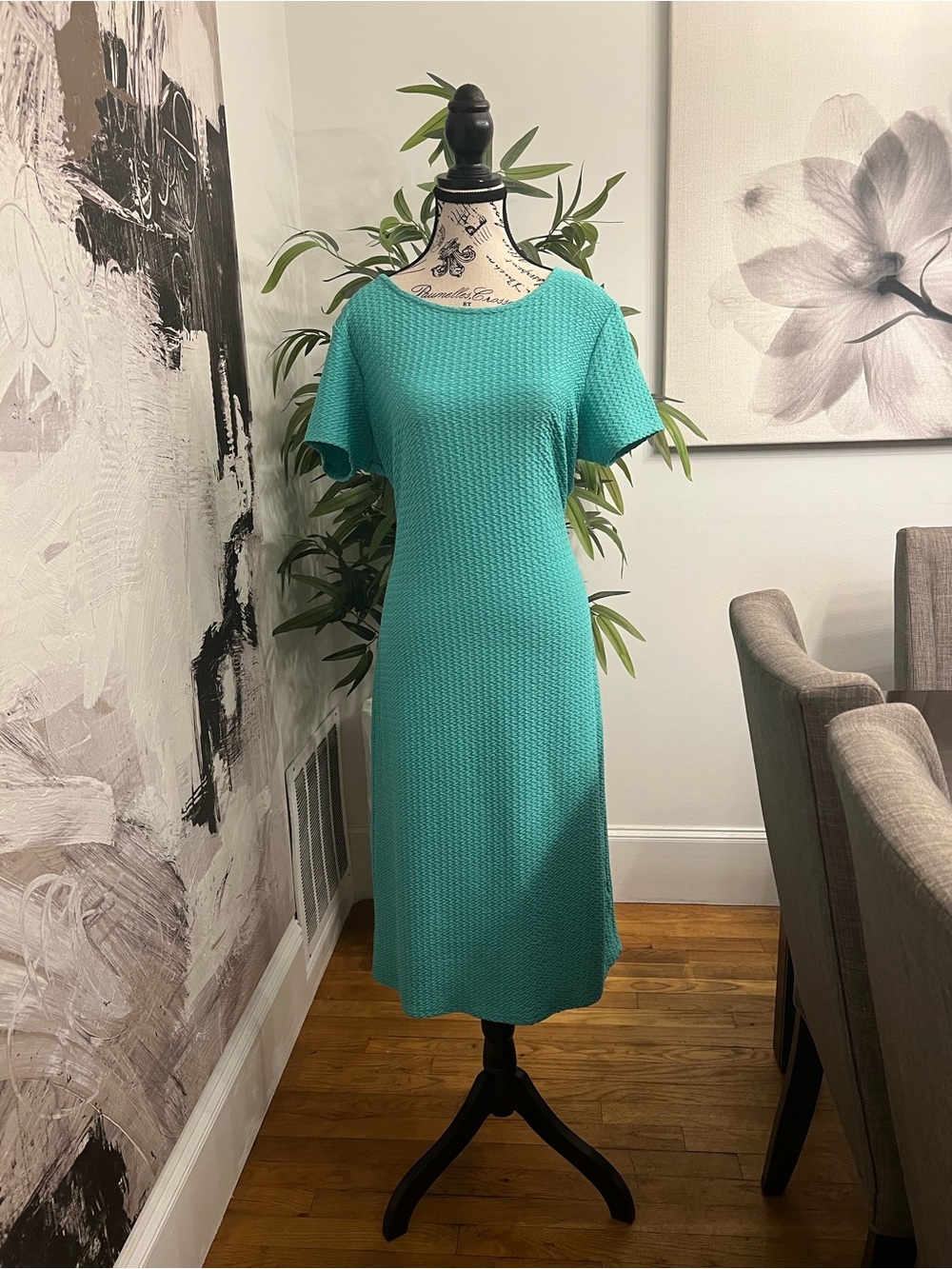 R&K Teal Textured Midi Dress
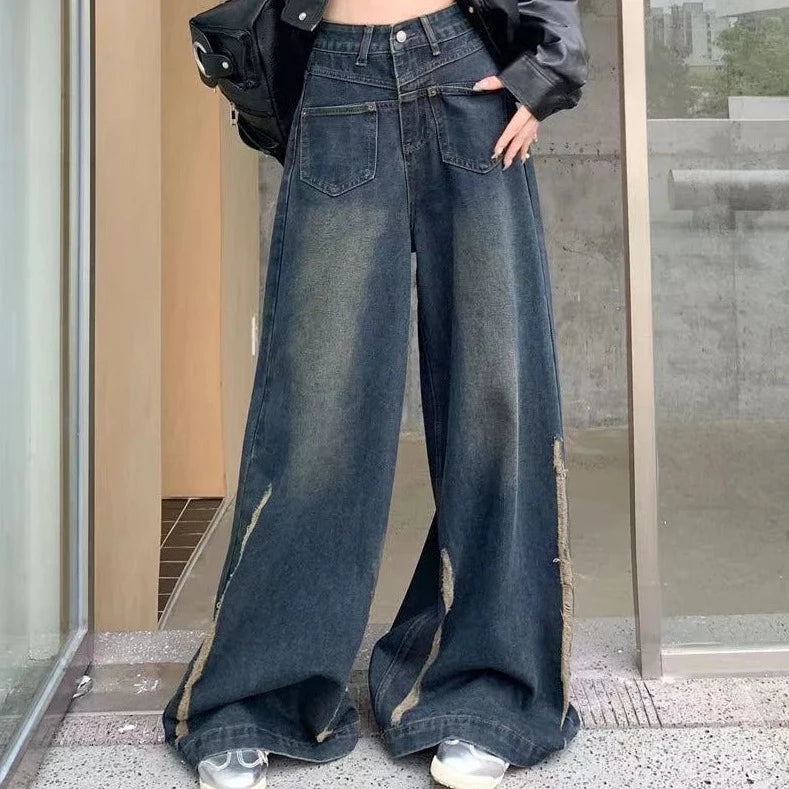 mopping wide leg jeans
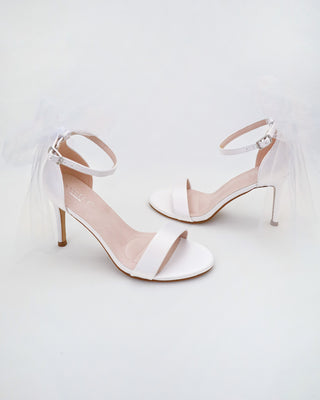 Satin High Heel Wedding Sandals with Tulle Back Bow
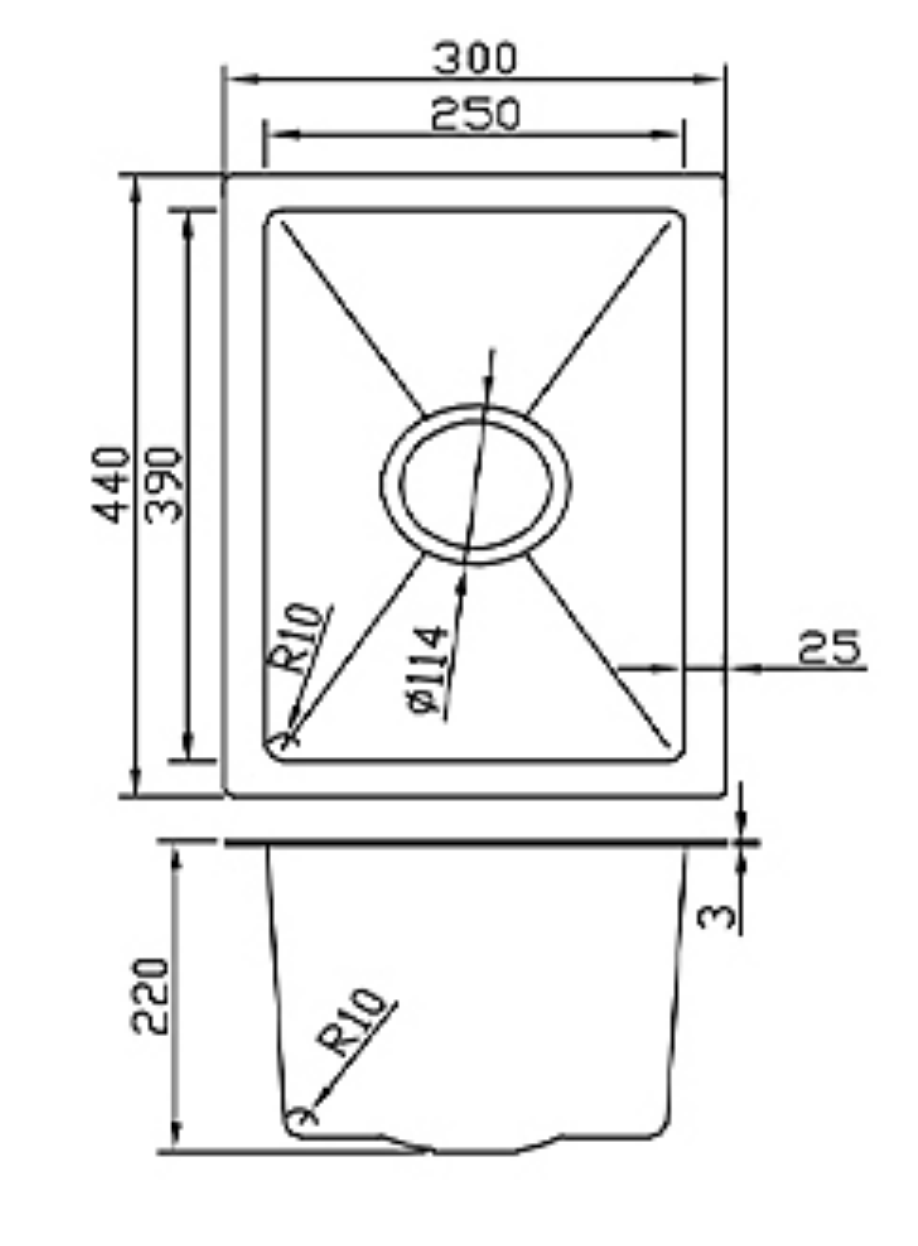3044-GU Gun Metal Stainless Steel Kitchen Sink, 300x440x220mm, Compact Single Bowl Design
————————
Where the line with "Satin High Heel" appears, begin there and transcribe exactly through the last line of the data, leaving all pictures aside.

§ **SOLUTION**
 Satin High Heel Wedding Sandals with Tulle Back Bow
3044-GU Gun Metal Stainless Steel Kitchen Sink, 300x440x220mm, Compact Single Bowl Design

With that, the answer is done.